◆ The problem: Reproduce only the lines that begin at the line with "Anthropos : Tisíc" and run to the end of the entries; omit every picture.

◆ Material provided:
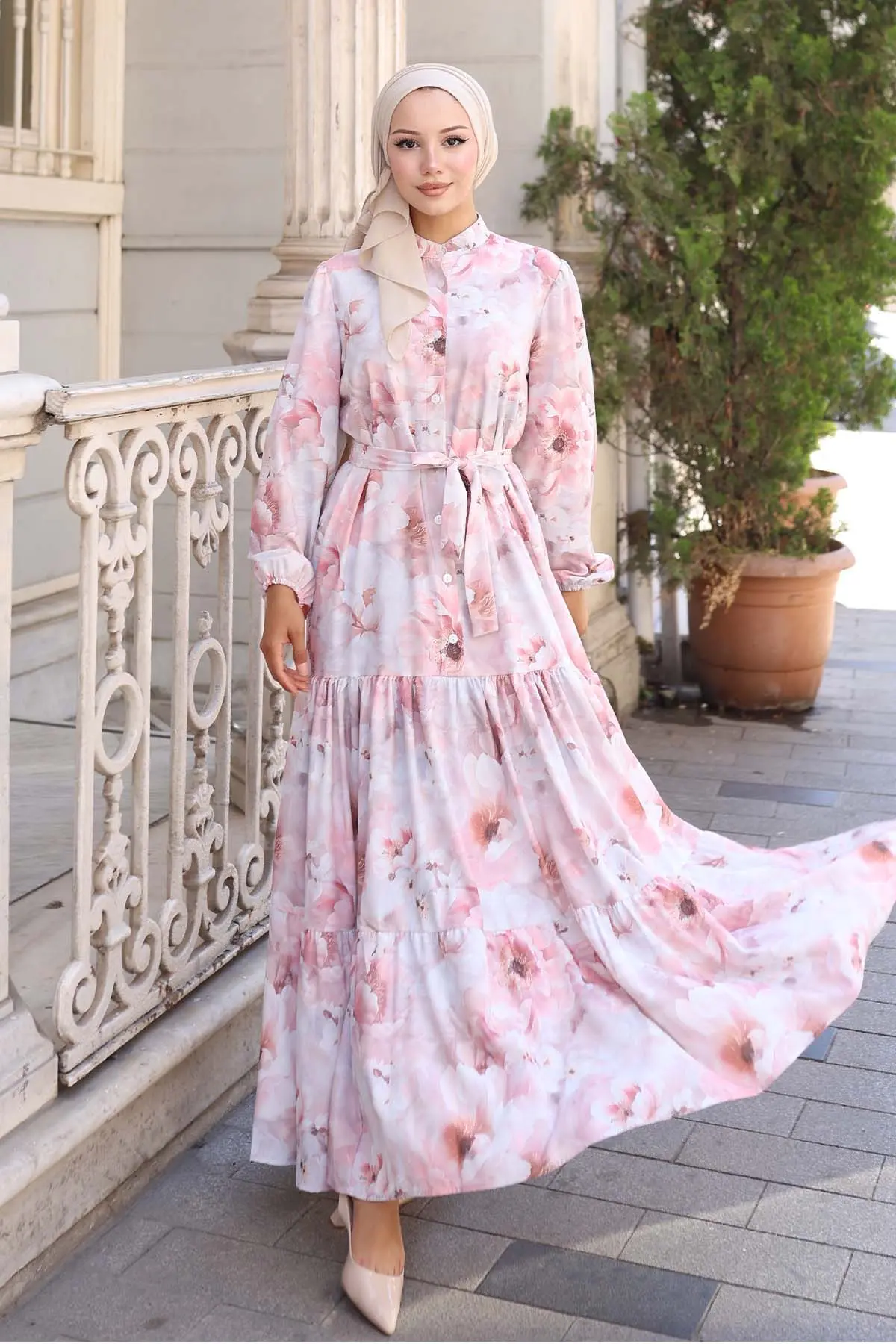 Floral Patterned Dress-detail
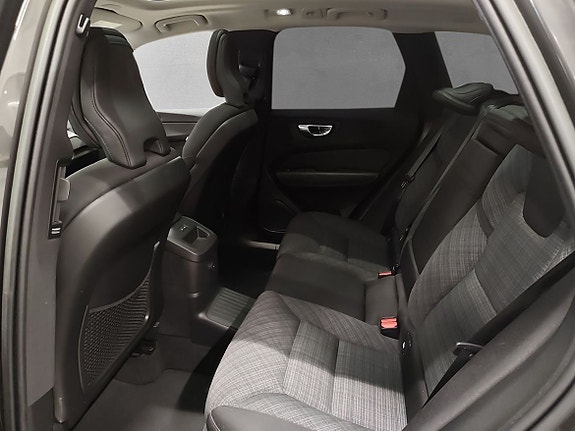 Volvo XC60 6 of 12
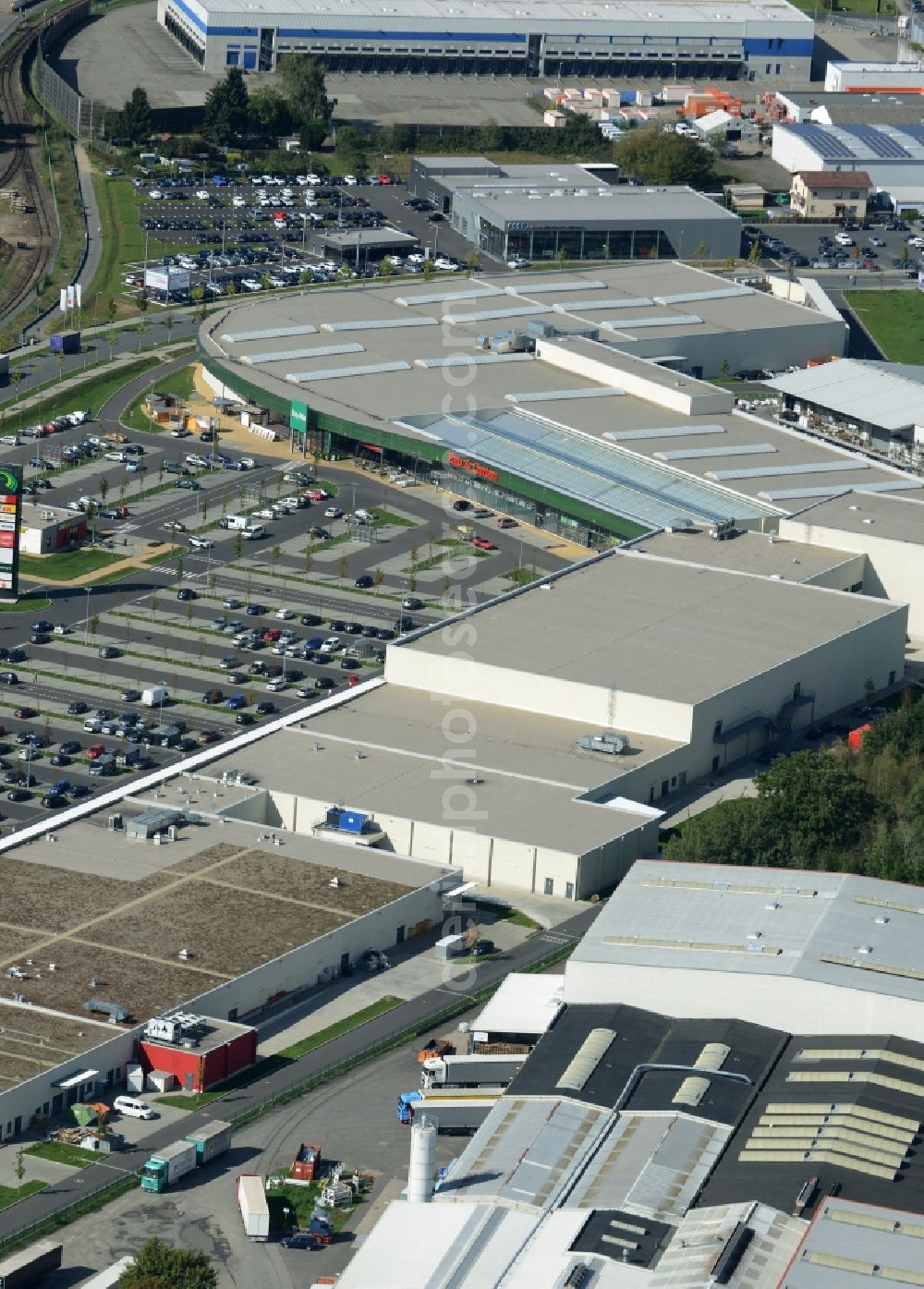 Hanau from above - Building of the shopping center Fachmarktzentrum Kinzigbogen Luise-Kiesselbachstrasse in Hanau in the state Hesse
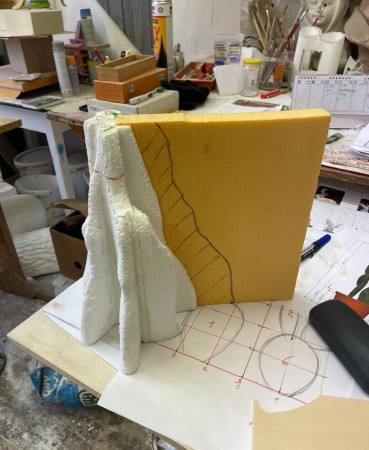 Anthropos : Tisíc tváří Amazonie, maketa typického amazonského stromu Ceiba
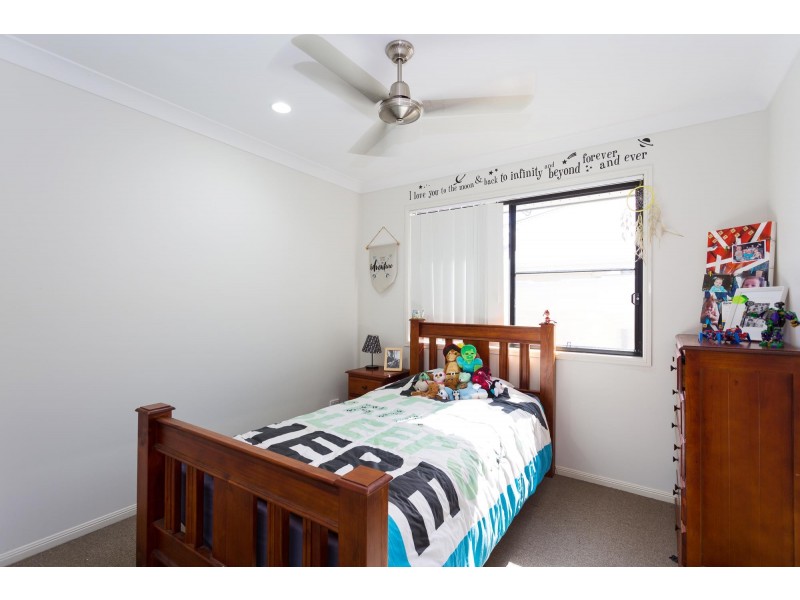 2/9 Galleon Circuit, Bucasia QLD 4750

◆ Completed task:
 Anthropos : Tisíc tváří Amazonie, maketa typického amazonského stromu Ceiba
 2/9 Galleon Circuit, Bucasia QLD 4750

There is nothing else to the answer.